Knowledge management (KM) has a tradition of enormous challenges. Virtually all of them can be traced back to its most serious problem: talent.
The intention of the KM Talent Crisis clarion call is not to indict loyal, hard-working KMers. Rather, it is to offer an observation on the qualitative decline in talent and capabilities of KM people. In particular, the ability of these people to conceive, initiate and lead large-scale knowledge transformations has diminished sharply.
Leading enterprise knowledge transformation is a key KM behavior and skill. Today KM is populated with very capable and very nice senior workers in operations and administration. They have lots of great organizational knowledge and clerical skills. Unfortunately are just not prepared to step-up, to lead KM innovation, adoption or diffusion. These people are essential and critical; it is the expectations of leadership capacity that has failed.
Note that a major contributing factor to the KM Talent Crisis is the ridiculous farce called ‘KM Certification.’ KM charlatans still offer useless KM clerical and administrative training. Nothing has ever been gained by pretending to make KM a vocational discipline. They made illegitimate claims and created false expectations. The fact remains KM Certifications are worthless. Beware.
There is a popular social network and KM anecdote that the persons with the most important and useful knowledge in the organization are the hubs. They have high degree centrality. Often these key people are receptionists, executive assistants or senior administrators. They have a unique perch. They have mastered the day-to-day network patterns. They know the essential knowledge flow paths required for smooth operations.
Problem is management took this important anecdote literally. They moved these lovely and highly valuable people to KM positions. Therein lies the KM talent crisis.
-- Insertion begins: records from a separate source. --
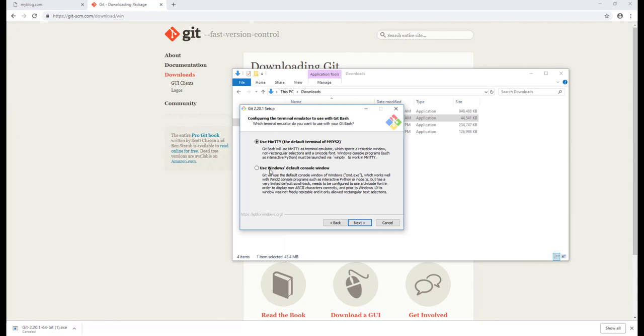And use Windows default. We use Windows default console for Windows if you want to use command line or CMD, or we will be using MinTTY, the default terminal.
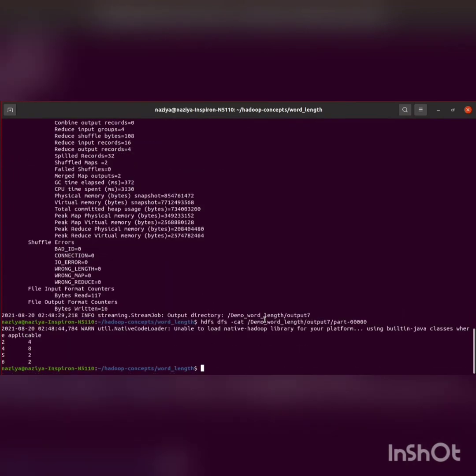Now we can check the results manually by visiting the location in HDFS or with the help of the cat command as shown here: cat word_count_in_python_output/part-00000. Here you can see where the output is stored.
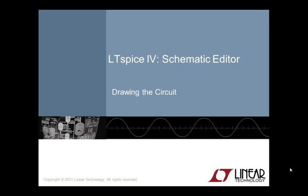Welcome to LTSpice4 schematic editor video. I'm your host, Gabino Alonso, and this video provides you an introduction to the use of LTSpice schematic capture program and the layout of a simple circuit so that you can draft and make edits of your own design quickly.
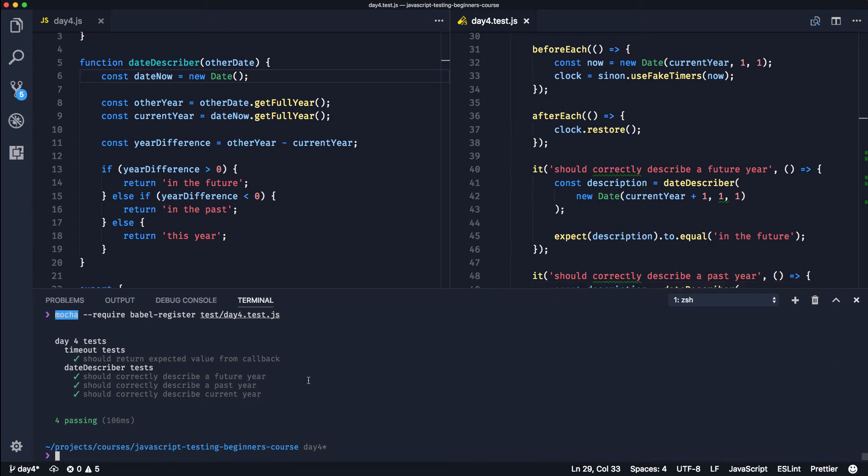Tomorrow we're going to look at writing some actual production-style code. We're going to look at using the GitHub API to get the number of stars and the number of watchers on some repositories. We're going to use Sinon again with some test doubles, and we're going to stub and spy on functions and HTTP requests.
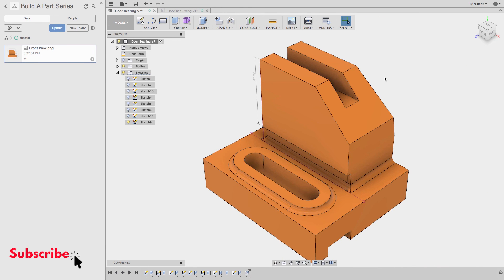That's the door bearing. Be sure to grab this exercise in the download link. It's in the description. Thanks for watching.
KM, first, foremost and forever, is about leadership. The administrative and clerical skill profile in contemporary KM is ill-suited for leadership. Same goes for the technical whiz, the top IT professional or the highly regarded subject-matter experts (SME). They are also found in KM roles. Sadly, most all fall down badly in KM because they lack primary leadership abilities.
This talent management defect makes KM akin to the IT or HR backwater. KM in these settings is primarily a back-office risk management and document control operation. Again, there is nothing wrong with IT, document management and support processes. They are certainly important and needed. Thing is, it is just not meeting the KM expectations of the organization. This is why so, so many, most all, KM programs simply collapse – missed expectations.
Also, rather unfortunately, it is very difficult for KM to recover from this organizational and talent trajectory. Unless KM develops the courage and talent to fundamentally lead, then it is far better to reset much lower expectations for the KM role, its people and information processes. Setting lofty expectations when you do not have the talent, vision or sponsorship to deliver is not a good practice for KM; it is not good for anything.
Thus, the clarion call is clear. Strive to discover, nurture and groom your best leaders for KM. They must propel the social reorientation of work and KM transformation. Remember, KM is positively essential to tomorrow’s environments of social competition and the critical enterprise ability to compete socially. Identify, acknowledge and reward the next-generation 21st Century KM leaders.
Finally, KM inhabits complex network domains requiring the shared imagination of natural leaders. Coach you KM incumbents to focus on cultivation and coordination. Retire command and control. Acknowledge KM offers comprehensive advantages to the agenda of all organizations. Allow your KM leaders to reveal the paths to prosperity and Create The Future.